Parity on taxation for listed and unlisted shares
The Indian Venture and Alternate Capital Association (IVCA), an industry body representing venture capital and private equity players in India, has asked for parity in tax treatment for various security classes in a presentation made to Finance Minister Nirmala Sitharaman ahead of the Budget.
Currently, the Long Term Capital Gain (LTCG) on investment in private shares is taxed at 20%, while the taxation on publicly listed shares is at 10%.
“Investors take a higher risk by investing in private companies. We are not asking for a preferential rate of return for investments in unlisted entities, but we would like it to be on par with the listed entities,” Padmaja Ruparel, Co-founder atand Founding Partner at Indian Angel Network Fund, told YourStory.
Ease of investment
While the India story has continued to be attractive for foreign investors, easier clearance for capital inflow in the startup sector stands to benefit both startups and investors.
“All clearances for investors to invest into Indian funds and startups should be brought down to a seven-day period, including compliances, etc.," said Anirudh A Damani, Managing Partner at. "After heavy-lifting by the founder to clear due diligence, it often takes 60 days to 90 days for the investment to come through."
Adding to the burden, Anirudh pointed out, was that clearances required for smaller funds continue to be on par with large funds.
“The requirement for a third-party valuation report at the time of entry and exit of investment in the private sector is cumbersome and dissuades people from opening fund houses in India," he said. "As a micro-VC fund, our compliances are on par with the large funds and there is a need to foster an ecosystem of multiple funds."
Employee Stock Ownership Plans, or ESOPs, are quite common in the startup world to attract talent and as a reward mechanism for employees.
As part of ESOPs, companies allow employees to buy shares at a rate below the prevailing Fair Market Value (FMV), or offer these as part of the compensation. Employees can choose to exercise their right to buy the shares after a vesting period.
While the amendment brought as part of Budget 2020 ensured that employees did not have to pay taxes in the year they decided to exercise the options, ESOPs continue to be taxed twice.
Employees are required to pay taxes through TDS (Tax Deduction at Source) at the time of exercising the options, as well as at the time of sale on the difference between the sale price and the FMV as capital gains tax.
“If we want to retain high-quality talent and prevent startups from flipping or moving out of the country, the taxation on ESOPs will have to be taken to the next level, despite the five-year moratorium,” said Padmaja of Indian Angel Network. "ESOPs have a long gestation and it is not going to work if you tax them five years later without monetisation. Employees are dipping into their cash flow without any gains."

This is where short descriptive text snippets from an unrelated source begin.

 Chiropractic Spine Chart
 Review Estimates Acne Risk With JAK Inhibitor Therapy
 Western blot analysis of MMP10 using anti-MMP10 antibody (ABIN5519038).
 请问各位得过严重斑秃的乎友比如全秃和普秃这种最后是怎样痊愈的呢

She added that especially for startups, where companies can take a turn for better or worse suddenly, the resolution of ESOP taxation can help.

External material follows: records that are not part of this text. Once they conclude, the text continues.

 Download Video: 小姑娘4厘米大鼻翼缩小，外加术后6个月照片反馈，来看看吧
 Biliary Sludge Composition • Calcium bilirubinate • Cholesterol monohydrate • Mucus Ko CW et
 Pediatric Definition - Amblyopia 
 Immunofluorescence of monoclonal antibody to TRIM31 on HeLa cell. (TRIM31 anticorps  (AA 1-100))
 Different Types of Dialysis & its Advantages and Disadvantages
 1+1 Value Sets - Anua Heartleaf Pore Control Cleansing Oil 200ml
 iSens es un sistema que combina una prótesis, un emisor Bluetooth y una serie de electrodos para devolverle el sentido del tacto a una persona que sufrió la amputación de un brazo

Clarity on taxation of AIF
IVCA in its submission to the Finance Ministry has also asked for tax pass-through on expenses for Alternate Investment Funds (AIFs), and for this to be extended to hedge funds and listed market funds as well to encourage setting up funds within the country.

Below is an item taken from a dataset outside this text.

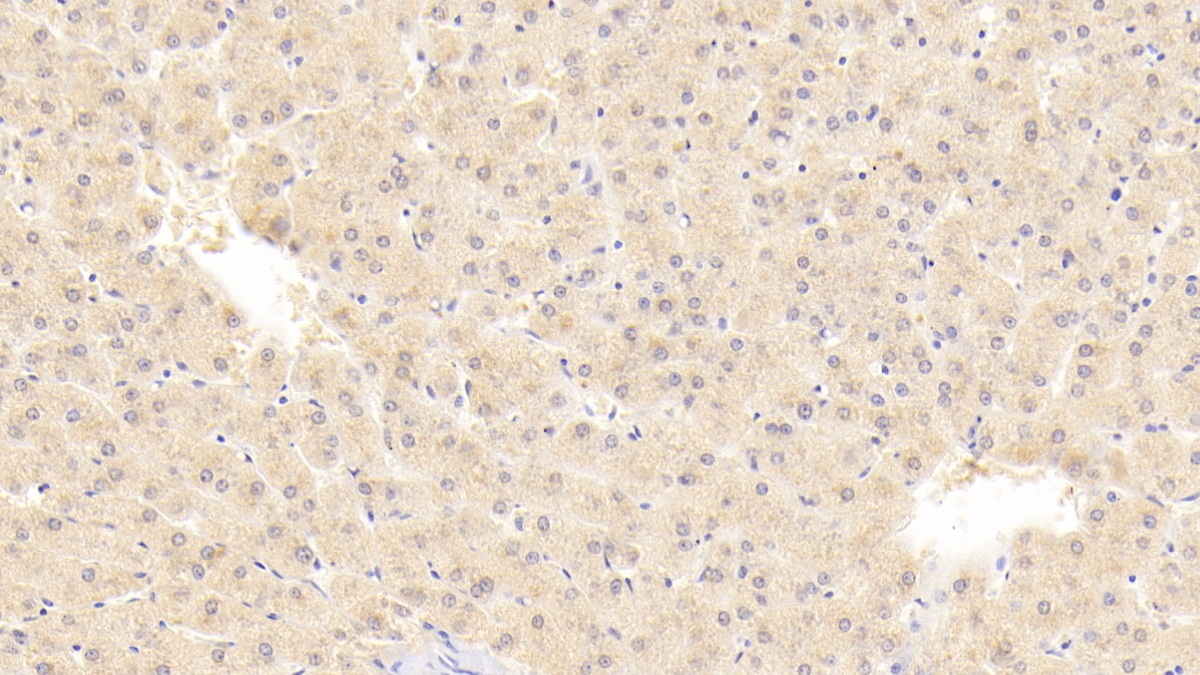 Polyclonal Antibody to Preferentially Expressed Antigen In Melanoma (PRAME)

In July 2021, a tax tribunal ruled that indirect taxes were applicable on expenses incurred by venture capital, private equity and mutual fund firms, including those operating under a trust structure.
This applies to expenses incurred by a fund, including the ‘carry fees’, or the share in profits offered to fund managers in proportion to the performance of the fund. Other expenses taxed include legal fees and salaries.
“To grow the venture capital industry, we need clarity on treating gains for investors being treated differently from that of fund managers," Padmaja said. "The reason it is important is to prevent the flight of quality investment talent and it becomes unremunerative for the fund managers.”